Il ritorno alla centralizzazione delle competenze attualmente affidate alle Regioni e la compressione del potere dei cittadini di scegliersi gli amministratori locali con la 'riforma' delle province è in questo senso coerente.
Ogni giorno altre tessere, anche con motivazioni talvolta condivisibili, si aggiungono a completare il mosaico: il discredito dei vari soggetti attraverso i quali i cittadini esprimono la loro volontà nel corso della legislatura, come il sindacato; la cancellazione dell'articolo 67 Cost. che garantisce l'autonomia di giudizio dei parlamentari; l'attacco alla indipendenza della Magistratura; il tentativo di ridicolizzare (i 'professoroni', i 'gufi' ….) il dissenso derivante dal rifiuto motivato del 'pensiero unico' ossessivamente riprodotto da collaboratori, famigli e giornalisti compiacenti.
Mentre si sono perse le tracce dei provvedimenti possibili che riavvicinerebbero il nostro Paese alle grandi democrazie: divieto del conflitto di interessi e di posizioni dominanti nel settore della informazione, cancellazione delle leggi ad personam (per esempio sulla prescrizione giudiziaria), norme efficaci contro l'evasione e l'elusione fiscale, ecc …
Nei giorni scorsi Nadia Urbinati ha dato una efficacissima sintesi di questo schema, spiegando che le 'riforme' che l'attuale vera maggioranza (PD-Forza Italia, per intenderci) sta cercando di imporre sono figlie della idea che il cittadino debba essere solo l'arbitro del confronto politico, e non il protagonista. Certo è previsto che la formalità del voto rimanga, ma l'elettore avrebbe solo il potere di esprimere un giudizio a posteriori dell'operato del governo; un po' come il pubblico di uno spettacolo teatrale, che può applaudire o fischiare, ma non sale mai sul palcoscenico. E soprattutto non vede tutto ciò che accade dietro le quinte, ma solo ciò che altri decidono che veda. Come sta accadendo, appunto, degli accordi raggiunti al 'Nazareno' col pregiudicato padrone di Mediaset e Forza Italia, di cui sappiamo ben poco, anche se vengono continuamente richiamati come se fossero vincolanti. O dei colloqui per il trattato TTIP Usa-Europa, altrettanto opachi.

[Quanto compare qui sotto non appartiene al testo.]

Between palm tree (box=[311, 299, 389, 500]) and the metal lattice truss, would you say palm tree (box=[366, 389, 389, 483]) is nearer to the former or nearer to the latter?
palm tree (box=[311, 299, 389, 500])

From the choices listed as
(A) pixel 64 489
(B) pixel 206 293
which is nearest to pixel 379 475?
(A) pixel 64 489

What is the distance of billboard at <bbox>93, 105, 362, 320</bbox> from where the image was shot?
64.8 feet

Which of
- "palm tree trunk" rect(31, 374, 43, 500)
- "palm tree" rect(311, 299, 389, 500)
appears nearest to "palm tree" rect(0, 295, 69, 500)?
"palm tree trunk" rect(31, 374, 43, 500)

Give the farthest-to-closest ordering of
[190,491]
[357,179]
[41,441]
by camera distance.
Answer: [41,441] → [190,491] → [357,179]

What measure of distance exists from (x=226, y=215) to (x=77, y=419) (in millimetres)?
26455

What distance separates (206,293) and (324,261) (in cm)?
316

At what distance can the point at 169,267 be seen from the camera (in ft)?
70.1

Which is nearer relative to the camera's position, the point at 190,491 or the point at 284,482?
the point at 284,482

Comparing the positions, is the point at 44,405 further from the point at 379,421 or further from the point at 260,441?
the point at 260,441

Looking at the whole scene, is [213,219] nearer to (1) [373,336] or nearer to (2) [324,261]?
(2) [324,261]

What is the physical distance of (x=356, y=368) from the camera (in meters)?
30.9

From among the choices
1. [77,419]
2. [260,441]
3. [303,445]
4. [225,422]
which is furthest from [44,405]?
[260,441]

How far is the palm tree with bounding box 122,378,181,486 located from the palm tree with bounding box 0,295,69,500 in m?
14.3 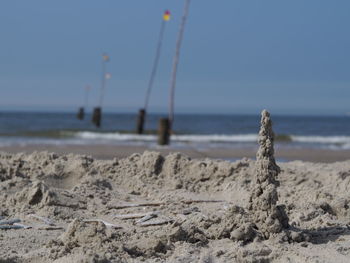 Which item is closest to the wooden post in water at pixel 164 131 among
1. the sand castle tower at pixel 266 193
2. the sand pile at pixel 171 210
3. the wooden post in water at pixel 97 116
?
the sand pile at pixel 171 210

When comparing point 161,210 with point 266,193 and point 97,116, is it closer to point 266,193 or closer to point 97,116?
point 266,193

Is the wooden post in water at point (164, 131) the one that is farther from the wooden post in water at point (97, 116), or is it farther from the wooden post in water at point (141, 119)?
the wooden post in water at point (97, 116)

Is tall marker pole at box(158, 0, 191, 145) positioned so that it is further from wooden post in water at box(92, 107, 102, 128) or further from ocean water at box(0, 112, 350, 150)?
wooden post in water at box(92, 107, 102, 128)

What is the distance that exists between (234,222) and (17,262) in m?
1.69

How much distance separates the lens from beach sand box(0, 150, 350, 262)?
12.8 feet

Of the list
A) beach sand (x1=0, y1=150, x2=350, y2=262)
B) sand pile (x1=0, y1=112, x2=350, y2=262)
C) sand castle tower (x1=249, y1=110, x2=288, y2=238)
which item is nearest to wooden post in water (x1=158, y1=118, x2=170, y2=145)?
beach sand (x1=0, y1=150, x2=350, y2=262)

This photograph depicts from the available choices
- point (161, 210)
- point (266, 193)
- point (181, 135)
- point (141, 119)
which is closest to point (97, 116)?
point (181, 135)

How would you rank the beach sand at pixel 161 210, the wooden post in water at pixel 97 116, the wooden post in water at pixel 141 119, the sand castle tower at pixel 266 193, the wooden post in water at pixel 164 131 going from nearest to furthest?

Ma la democrazia non è una recita: proprio in questa fase di grande difficoltà, di decisioni che richiedono un consenso che supera gli stessi confini nazionali (pensiamo all'ambiente, all'energia, ai grandi flussi migratori …) e della affermazione di rigurgiti nazionalisti, pensare di riportare indietro la storia agli inizi del secolo scorso cancellando le conquiste dei diritti di autodeterminazione e solidarietà è, oltre che sbagliato, pericoloso.